Compare at least three quotes before sending. Open Wise, Remitly, and WorldRemit in separate tabs, enter the same CZK amount, and screenshot each final MNT figure. Wise typically converts CZK to USD or EUR first, then to MNT, applying the real mid-market rate with a transparent fee around 0.5–1.2%. Remitly and WorldRemit often offer promotional first-transfer rates that beat the market for amounts under 30,000 CZK. Revolut works if both parties hold accounts, though MNT support is limited. Across these providers you typically save 3–8% compared with sending via a Czech bank — on a 100,000 CZK transfer, that is 3,000 to 8,000 CZK kept in the recipient's pocket.
Speed depends on the funding method you choose. For instant or same-day delivery, fund the transfer with a debit or credit card — expect arrival within minutes to a few hours, but pay a higher fee (1.5–2.5% extra). For economy delivery in 1–3 business days, pay by Czech SEPA bank transfer or direct debit from your CZK account. Bank wires through SWIFT often take 3–5 business days and may be delayed by intermediary banks. If your transfer is urgent (medical, emergency), pick card-funded instant; for rent or routine support, schedule economy transfers two days early.

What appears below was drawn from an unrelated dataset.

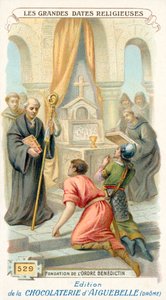 Foundation of the Benedictine Order, 529 by French School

Mongolia's two largest receiving institutions are Khan Bank and Golomt Bank, which together cover most of the country including rural aimags. TDB (Trade and Development Bank) and Khas Bank are also widely supported. For mobile delivery, ask the recipient if they use SocialPay or Most Money, two popular Mongolian mobile wallets. Step one: collect the recipient's bank name, MNT account number, and branch code. Step two: double-check the SWIFT/BIC code (KHANMNUB for Khan Bank, GLMTMNUB for Golomt). Remittances play an important role in Mongolia's economy, supporting household consumption and small business activity, so providers have built reliable rails into local banks and same-day cash pickup at partner locations across Ulaanbaatar.
Standard banking regulations apply for sending from Czech Republic to Mongolia. For personal transfers, you generally do not owe Czech tax on remittances, but transfers above 15,000 EUR equivalent trigger AML reporting under Czech and EU rules — keep your invoices, payslips, or gift documentation ready. Step one: have your Czech ID or passport at hand for KYC. Step two: be prepared to state the purpose of transfer (family support, education, business). Step three: keep digital receipts for at least three years.
Step one: set a rate alert on Wise or Revolut for your target CZK/MNT level. Step two: avoid weekends and Friday afternoons, when FX markets are thin and spreads widen. Step three: send mid-week (Tuesday–Thursday) during European morning hours. Step four: if you transfer over 50,000 CZK, ask about tiered pricing — many providers reduce the percentage fee at higher amounts. Step five: batch smaller monthly support payments into one larger quarterly transfer to cut fees.